Era alguien a quien le encantaba pelear, lo que encajaría con la energía de Thrall.

Cerró los ojos por un momento, deslizándose hacia otra máscara.

Su cuerpo se relajó, su expresión se agudizó hasta volverse feral.

Su presencia cambió, esta vez no era una arrogancia juguetona, sino una confianza pura y sofocante.

El aire pareció tensarse a medida que se acercaba, cada paso cargado de intención asesina, como un depredador entrando en la guarida de otro.

Thrall, que acababa de terminar un combate de práctica, sintió rápidamente la abrumadora presencia de Lucen y lo miró.

Thrall sabía quién era Lucen.

Lucen era quien comandaba a los hombres de Espina Colmillo; era algo así como el hijo del jefe.

Cuando Thrall vio a Lucen luchar contra los Wendigos Terribles en su lugar, siempre había querido enfrentarse a él, pero Lucen había estado demasiado ocupado los últimos días y Thrall no había podido encontrarlo.

Ahora que Lucen estaba de pie ante él, Thrall supo que no podía dejar pasar esta oportunidad.

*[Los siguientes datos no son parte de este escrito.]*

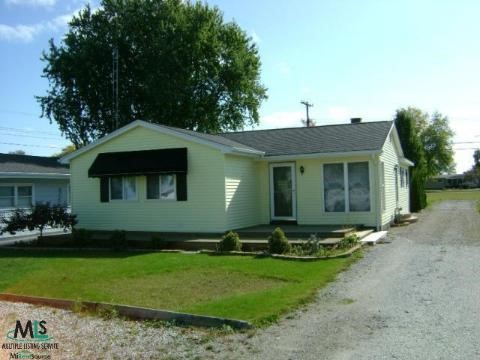 7502 Cardinal Road Lexington, MI 48450 - Photo 1 of 2 357173.JPG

«… ¿Cómo se supone que debía llamar a este tipo…?

¡Ah, sí!».

Thrall, que sabía algunas cosas sobre cómo actúa la gente de fuera de la tribu, se puso a pensar cómo debía llamar a Lucen.

Tras un breve pensamiento, lo recordó.

—… ¡Joven Señor, luche conmigo!

La sonrisa de Lucen se ensanchó, afilada y peligrosa.

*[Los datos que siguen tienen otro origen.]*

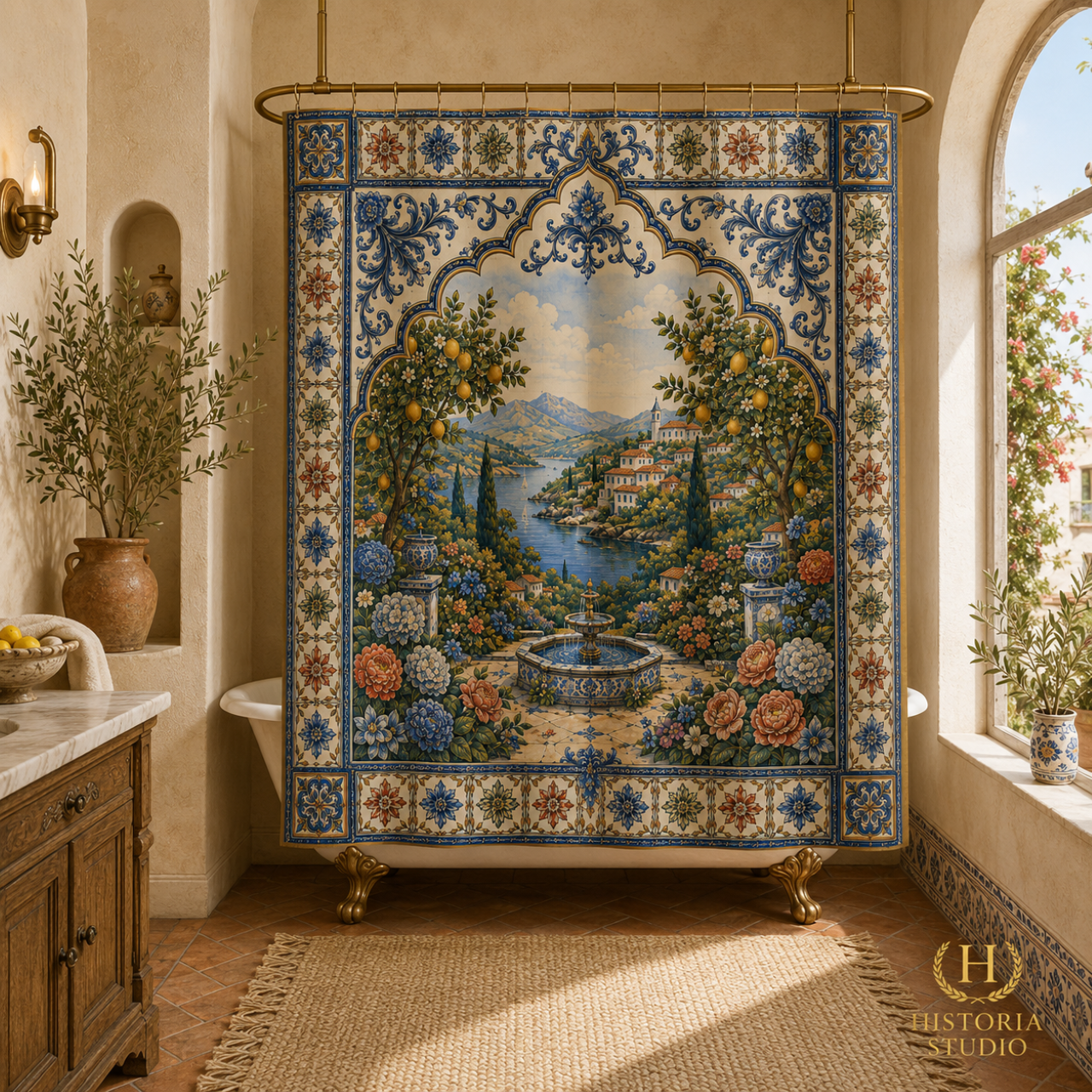 Product main image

Inclinó la cabeza, haciéndose crujir el cuello como si hubiera estado esperando esas mismas palabras.

—¿Oh?

¿Así que el cachorro ha estado deseando pelear conmigo?

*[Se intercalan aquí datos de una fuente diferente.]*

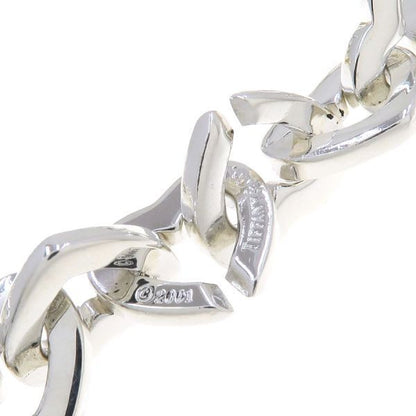 Tiffany & Co Link Bracelet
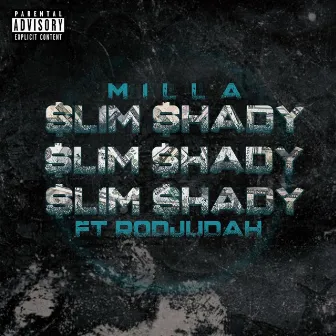 $lim $Hady by Milla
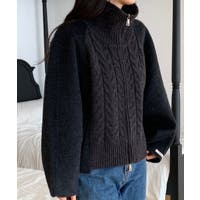 Ulysses（ユリシス）のアウター(コート・ジャケットなど)/チェスターコート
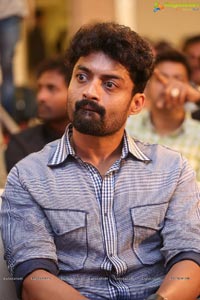 ISM Audio Release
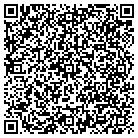 QR code with Joint Bd Lcnsure Crtfcation NH contacts
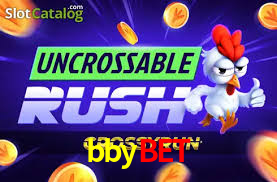 Explore as vantagens do bbybet: serviço profissional e confiabilidade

Claro, muéstrame lo que tienes.

—Su tono destilaba diversión, pero el peso tras él presionó a todos en el patio.

En cuanto Thrall oyó a Lucen, se abalanzó rápidamente sobre él.

Era un borrón de músculo y poder puro.

Su puño rasgó el aire, lo bastante rápido como para silbar, pero Lucen se hizo a un lado y el golpe le rozó la mejilla.

Una sonrisa torcida curvó sus labios.

—Demasiado lento.

Gruñendo, Thrall lanzó otro golpe, y luego otro, sus puños martilleando como rocas despeñándose por una montaña.

Lucen danzaba a su alrededor, zigzagueando a través de la tormenta como si paseara entre hojas que caen.

Cuando Thrall finalmente se excedió en su alcance, la mano de Lucen salió disparada, sus dedos se clavaron en su brazo como abrazaderas de hierro, antes de estamparlo contra el suelo.

La tierra se agrietó.

El polvo explotó hacia arriba.

***
Varios minutos después de empezar el combate, Thrall estaba en el suelo, respirando con dificultad, mientras Lucen permanecía de pie ante él con una amplia sonrisa.

—Ha sido una pequeña y agradable distracción, pero no es suficiente.

Vuelve a desafiarme cuando te hagas más fuerte.

Tras decir esas palabras, Lucen se marchó.

Thrall, agotado por la breve batalla, no pudo responder, pero la sonrisa no abandonó su rostro.

***
Lucen quiso intentar interactuar con Bram y Daniel, pero no quería abusar demasiado de Adepto de Actuación, ya que la última vez que lo hizo sintió que estaba perdiendo su propia personalidad.

Aun así, en general, Lucen disfrutó de estas interacciones que tuvo con Veronica y Thrall.

Se estiró, bostezando como si acabara de ver una obra de teatro especialmente satisfactoria.

—Vaya, eso ha sido entretenido —rio entre dientes—.

Ser parte del espectáculo es una sensación bastante refrescante.

Supongo que el Acto Uno del encuentro con los reclutas está completo.

Será mejor que piense qué hacer en el próximo episodio —bromeó para sus adentros.